Mordisco, whose real name is Néstor Vera, taxes all economic activity in the area, from farms to gas stations to restaurants. He is also the most powerful figure in the region’s vast cocaine industry, as he controls everything from coca crops to processing labs to trafficking routes. Anyone who sells cocaine to a buyer not authorized by Mordisco’s group is declared a “military target,” his euphemism for a death sentence.

At the entrance to the town, a sign warns the army not to advance any further.

The Colombian state hardly has a presence here, apart from a school, whose students have gone more than a month without receiving the free meals to which they are entitled, and a clinic that, according to the locals, has little or no medicine.

So it’s the Bite troops who make the rules and enforce them. Pamphlets and WhatsApp messages began circulating last year warning farmers that they would face “revolutionary justice” if they felled trees to expand their fields without permission. Mordisco is a former commander of the Revolutionary Armed Forces of Colombia, or FARC, and his henchmen still use the language of the Marxist insurgency.

“They don’t want people to continue deforesting,” said Édgar Ariza, a community leader in La Paz. “And they are the only ones who are capable of stopping deforestation.”

About 10% of the Amazon is in Colombia, where it has suffered far less damage than Brazil’s forests so far this century. The Petro government has declared ending deforestation a top priority, and the US, UK, Norway and Germany are among the top foreign donors for conservation projects. The Amazon stores tens of billions of tons of carbon, crucial to limit global warming, and serves as a habitat for jaguars, thousands of species of birds and even freshwater dolphins.

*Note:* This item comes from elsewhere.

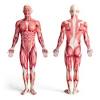 The spinal cord, which controls over 10 billion nerve cells, is less than two feet in length and its diameter is same as that of the index finger. 1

In Mordisco’s territory, anyone who fells trees without permission is fined between 10 and 20 million pesos (between US$2,400 and US$4,800) per hectare, according to a local leader from Calamar, another region of the Guaviare department, who asked not to be identified because he said the group has become more violent lately.

By severely restricting deforestation, Mordisco has reintroduced an old FARC policy. The guerrillas needed the treetops to hide from the army, and they also used the jungle to fish and hunt wild animals to eat when under siege.

“It wasn’t just the logic of defending in the war, of being able to have a territory for their movements in hiding,” says a former member of the FARC command council known by his alias Pastor Alape. “It was a political conception in the sense of being able to contain the advance of the latifundio.”

Alape and thousands of other members of the FARC laid down their arms after signing a peace agreement with the Government in 2016. Those who, like Alape, stayed in the peace process, and those who, like Mordisco, took up arms again They consider themselves to be the true FARC, and the others to be traitors.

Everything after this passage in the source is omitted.